Fringe Episode 406
"And Those We Left Behind"
Written By: Robert Chiappetta & Glen Whitman
Directed By: Brad Anderson
Original Airdate: 11 November 2011
In This Episode...
Time anomalies are becoming more frequent and more dangerous. One report comes in about a woman whose apartment appears to have been engulfed in fire - but there were no flames. Even stranger, her five-year-old daughter reverted to an infant. Another report has a group of teens nearly hit by a commuter train on rails that haven't been in service in four years. Peter is also experiencing time slips - he will be walking in the lab, then suddenly be out at a crime scene. Since he suspects that he may have something to do with the time slips, Olivia brings him into the investigation.
There have been dozens of time shifts in the last few days, but only a couple that seem to effect a spherical area. They have four of these instances, which seem to be the biggest and most dangerous, and all seem to revert the area to where it was four years ago. Peter can't seem to spot a pattern, but Walter does - they fall in a Fibonacci spiral. Based on how far apart the events occur, Walter narrows down the center of these events to a three mile radius. The team starts canvassing the area, and they find the epicenter when an agent goes to knock on an average-looking door and is incinerated by an invisible forcefield. Peter declares that they need a Faraday cage to pass through the forcefield unharmed, and Walter begrudgingly gets started on it while Lincoln figures out where the next event location is likely to take place. It turns out to be an underwater tunnel that didn't exist four years ago.

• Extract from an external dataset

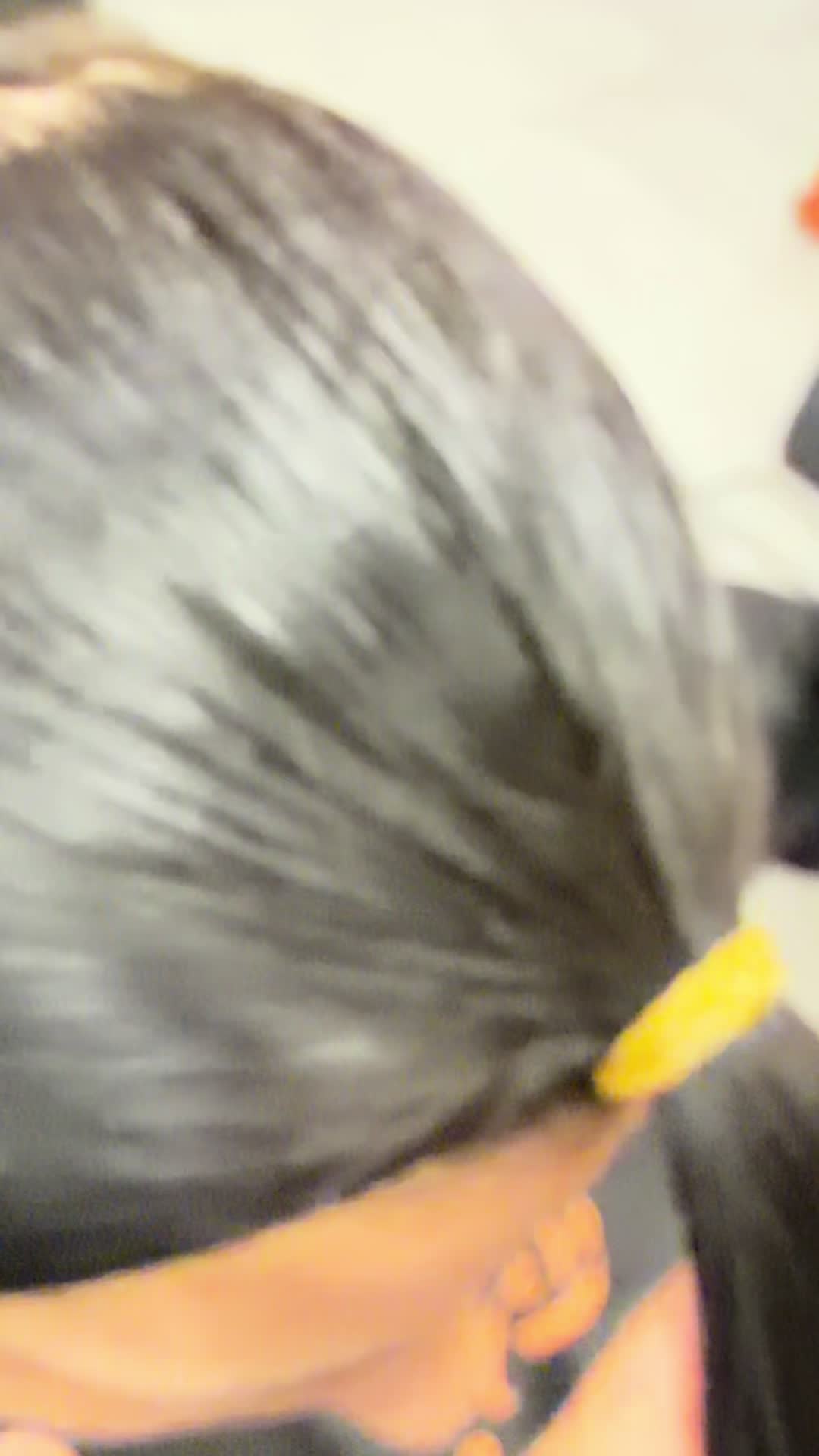 @mauriziooreto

If this event comes to fruition, the tunnel will disappear and hundreds of people will be swallowed up by the ocean.
Astrid brings by the Faraday cage, a crude harness covered with wires that has to "plug in" to the wearer's neck ("Of course," sighs Peter). Liv plans on taking it in, but Peter wins out with simple logic: whoever goes in needs to have a science background.
Inside the house, Peter discovers a fantastic machine in the basement. Raymond, an engineer, has built this massive contraption based on calculations laid out by his wife, Kate. Kate is a theoretical physicist - at least she was, until 2007, when she was stricken with early-onset Alzheimer's disease. In a desperate attempt at more time with his wife, Raymond has been working on turning Kate's time chamber calculations into a reality. Three days prior (the day Peter came back), the time chambers began to work. Raymond would use them to go back to 2007, before Kate got sick, to give her more time to complete her calculations. With each new equation Kate comes up with, the window gets a little longer. Raymond hopes when she finishes, the time chamber can be permanent. Kate knows none of this until the cops show up, at which point Raymond explains everything. Kate is horrified, especially when Peter tells her of the havoc these time chambers have caused. The machine must be shut down properly; otherwise, the entire vicinity will be obliterated. Before she does, she writes out the remainder of the equation for her husband.
With the time chamber closed and the FBI hauling massive amounts of equipment and paperwork out of the house, Raymond goes to Kate's equation book. Everything has been redacted, and at the very end, there is a note from Kate, telling him that all she wants from him is for him to live his life.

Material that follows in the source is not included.